I wish these anti-github blogs and fud would stop and people found better things to write about.

Github is fantastic.I love using it over anyone else.

GitLab and Bitbucket are good too. You can even host stuff yourself.

Its nice to have choice. Choose the one your like.I Choose github and that is my choice.


Happy to be locked in to github. There is a tipping point where value gained exceeds the risk of vendor lockin, and in my case there is no question the benefits outweight the risk.


Why would this comment be getting downvoted so many times??

If you dont agree comment. HN users can be so passive agressive sometimes


I agree with you. Unbelievable.
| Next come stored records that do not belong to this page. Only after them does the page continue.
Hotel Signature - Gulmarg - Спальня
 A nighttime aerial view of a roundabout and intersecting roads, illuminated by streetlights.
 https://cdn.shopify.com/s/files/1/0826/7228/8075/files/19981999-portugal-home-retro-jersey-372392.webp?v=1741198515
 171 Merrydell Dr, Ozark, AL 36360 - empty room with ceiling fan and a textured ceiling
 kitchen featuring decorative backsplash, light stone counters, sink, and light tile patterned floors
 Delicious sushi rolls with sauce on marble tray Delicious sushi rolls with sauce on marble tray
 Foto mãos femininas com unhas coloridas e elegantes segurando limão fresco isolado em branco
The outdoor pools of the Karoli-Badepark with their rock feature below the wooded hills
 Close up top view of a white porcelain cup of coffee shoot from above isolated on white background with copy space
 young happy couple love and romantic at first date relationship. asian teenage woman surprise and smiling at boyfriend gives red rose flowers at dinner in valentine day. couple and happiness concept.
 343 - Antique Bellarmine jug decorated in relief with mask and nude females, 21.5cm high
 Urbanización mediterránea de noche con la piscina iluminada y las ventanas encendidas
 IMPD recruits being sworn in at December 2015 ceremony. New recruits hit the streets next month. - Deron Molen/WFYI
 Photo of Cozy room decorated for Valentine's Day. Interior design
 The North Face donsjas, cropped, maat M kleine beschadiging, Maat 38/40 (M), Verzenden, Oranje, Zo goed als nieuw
I upvoted you btw :-)

Quality of readers of HN and reddit getting lower all the time.

Look forward to being downvoted for ageeing with you :-)


With the risk of sounding overly critical, I really can't understand why people get so emotional about software. Github isn't a public utility company and so isn't obliged to provide free services to anyone or cater specifically to the needs of one group of users, if they do so it is by their own choice and because it helps them to fulfill their monetary goals (making money is the main purpose of a for-profit company). Also, I can't see any significant lock-in effects at work here.

Personally, I have several dozens software projects: Some of them are on Github, some on Bitbucket, some run on a custom Gitlab instance and some are plain git repositories on some Linux server. I think we have more choices for hosting code projects today than we had ever before, it's just that like in many other markets there is a power law at work which makes that one player has 90 % market share, this doesn't automatically mean that the largest player has a monopoly on source code hosting though.

As the author says, the fact that the software Github provides is affordable, convenient and works very well is probably the only lock-in there is, and this kind of quality-based lock-in is actually desirable in my opinion. What would not be acceptable to me is a lock-in based on the fact that your data is stored somewhere from where it's very hard/impossible to get out (SAP comes to mind), this isn't the case for Github though.